#### [What is expected]
Given these entries, repeat exactly the lines starting with the one that has "Fiat Ducato L5H3, снимка" and going on through the one that has "7410 Saddle Trail Lane Charlotte NC 28269", both included, but none of the pictures.

#### [Given records]
***
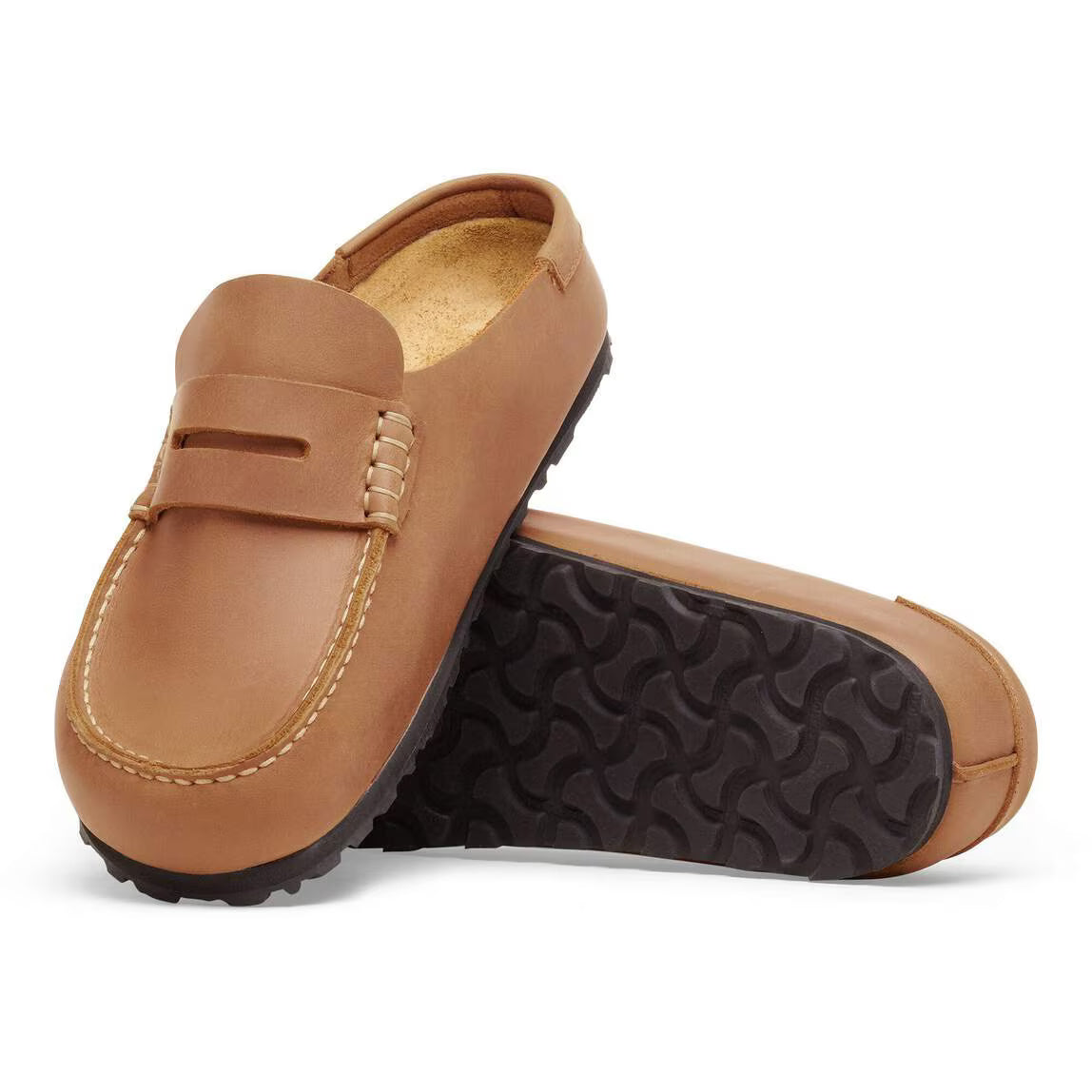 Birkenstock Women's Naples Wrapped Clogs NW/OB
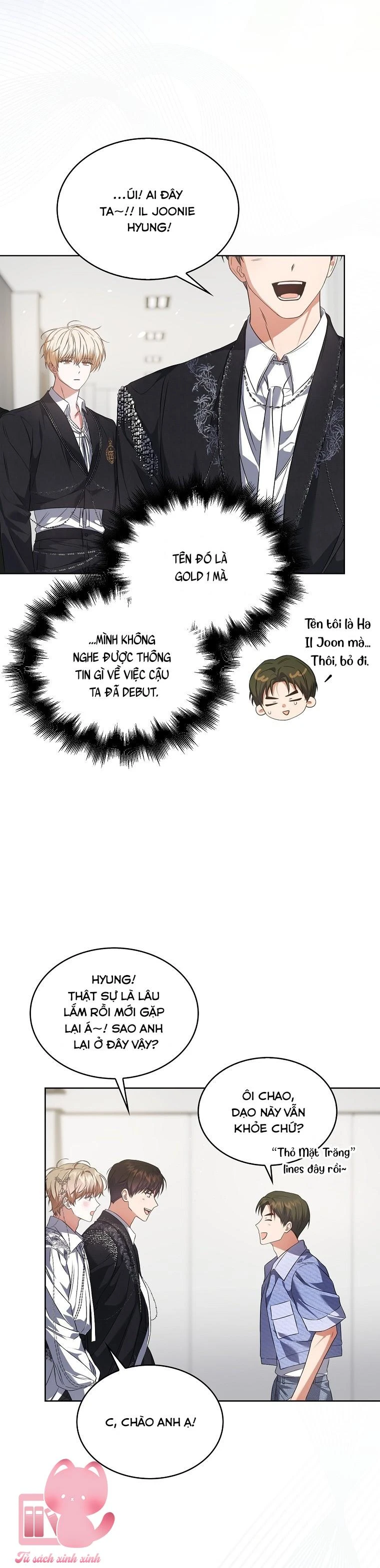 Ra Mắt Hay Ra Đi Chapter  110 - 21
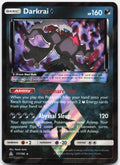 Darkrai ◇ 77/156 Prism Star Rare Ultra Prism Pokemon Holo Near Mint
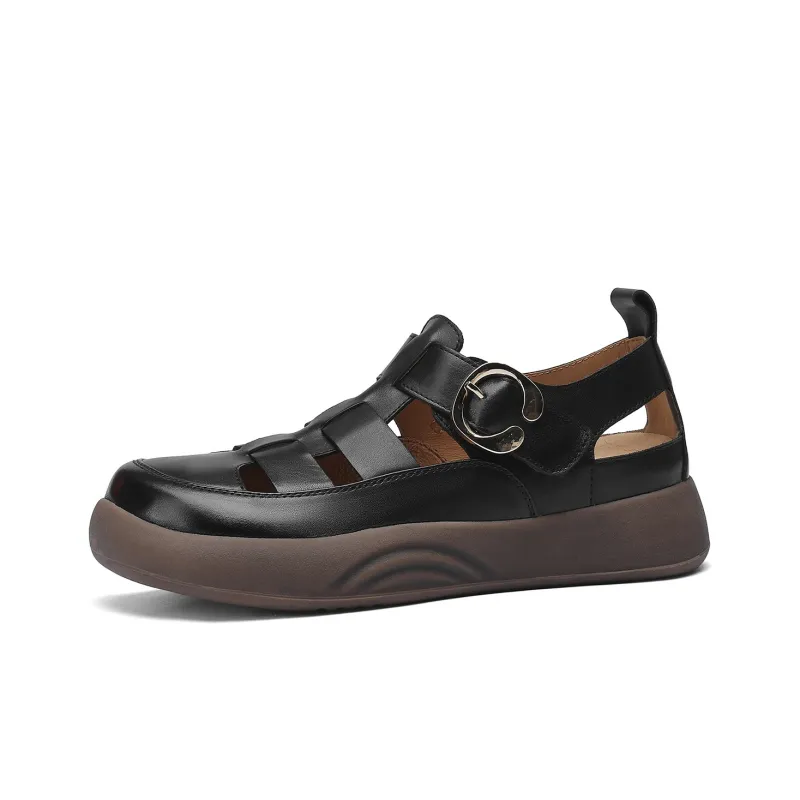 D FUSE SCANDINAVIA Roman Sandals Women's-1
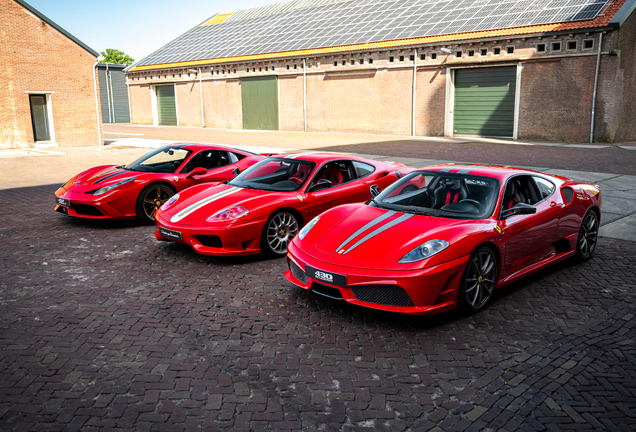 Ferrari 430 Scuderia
***
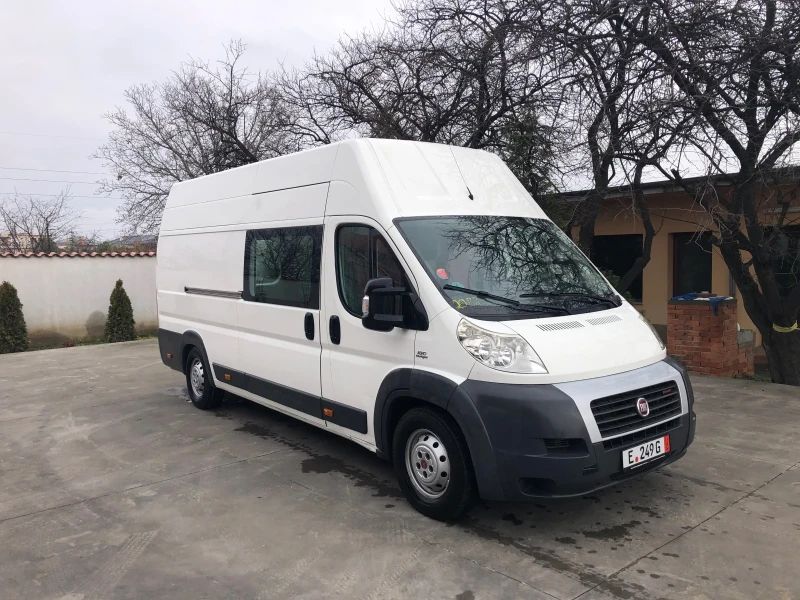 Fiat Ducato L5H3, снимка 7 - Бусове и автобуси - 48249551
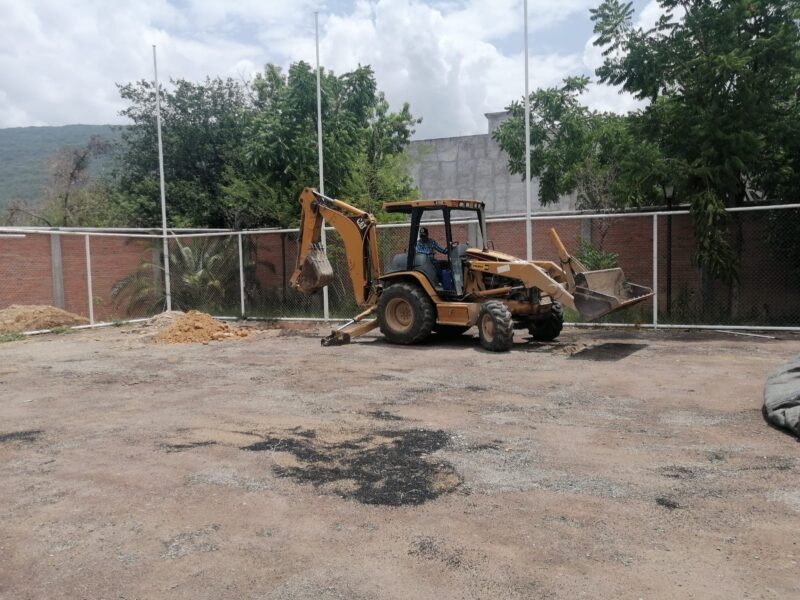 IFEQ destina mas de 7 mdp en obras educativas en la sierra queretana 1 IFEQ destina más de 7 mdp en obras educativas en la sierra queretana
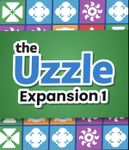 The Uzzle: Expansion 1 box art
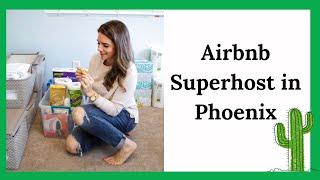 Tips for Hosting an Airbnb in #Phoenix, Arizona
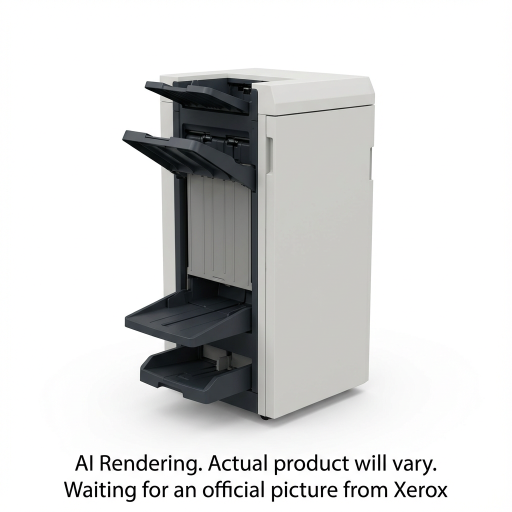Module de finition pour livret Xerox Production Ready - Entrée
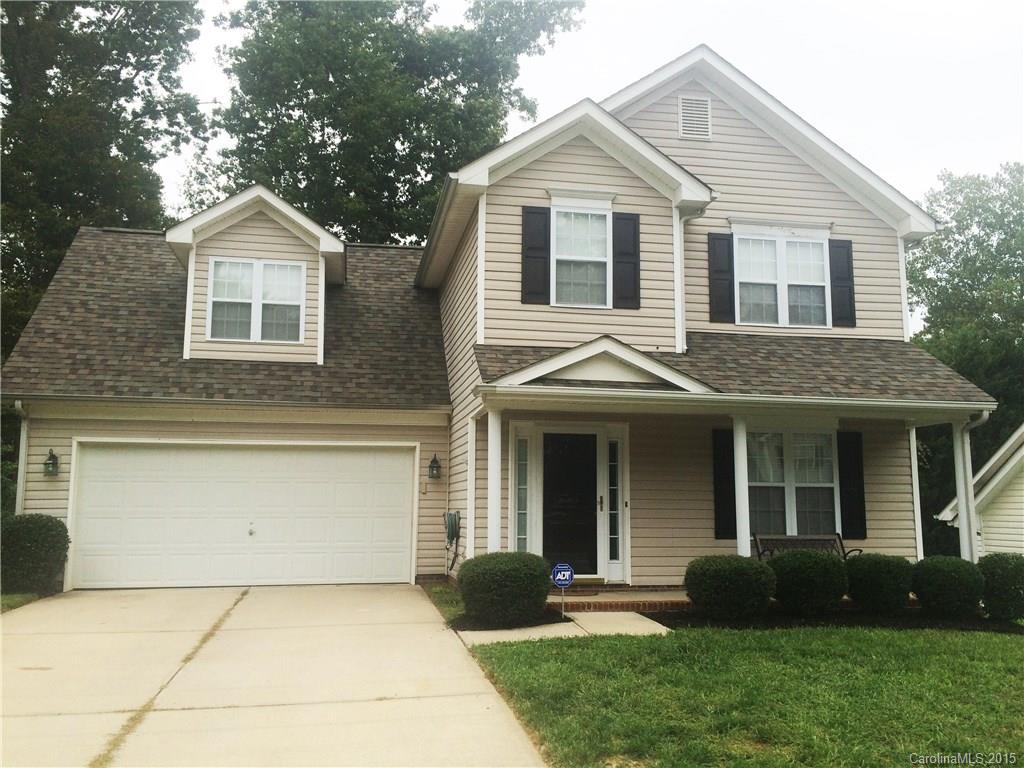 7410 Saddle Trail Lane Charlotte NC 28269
***
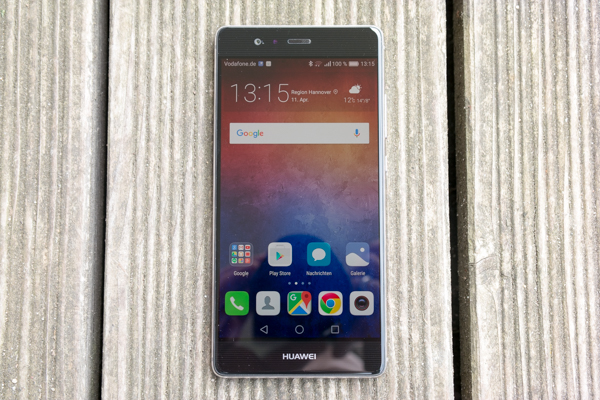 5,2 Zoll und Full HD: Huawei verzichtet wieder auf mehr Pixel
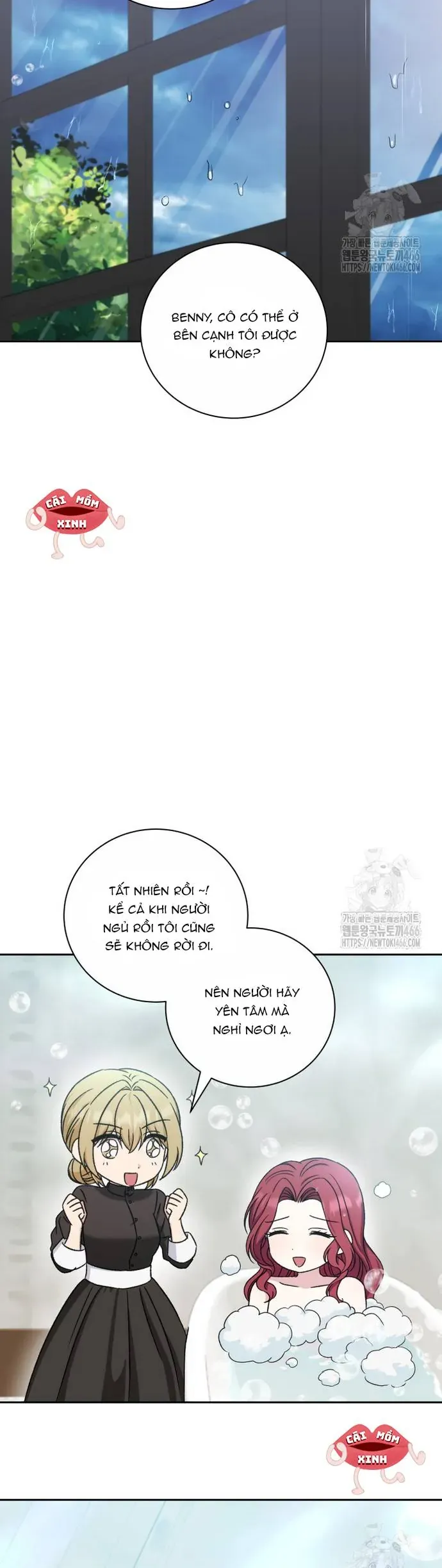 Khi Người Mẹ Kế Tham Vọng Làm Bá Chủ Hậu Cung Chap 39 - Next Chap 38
***
#### [Response box]
 Fiat Ducato L5H3, снимка 7 - Бусове и автобуси - 48249551
 IFEQ destina mas de 7 mdp en obras educativas en la sierra queretana 1 IFEQ destina más de 7 mdp en obras educativas en la sierra queretana
 The Uzzle: Expansion 1 box art
 Tips for Hosting an Airbnb in #Phoenix, Arizona
Module de finition pour livret Xerox Production Ready - Entrée
 7410 Saddle Trail Lane Charlotte NC 28269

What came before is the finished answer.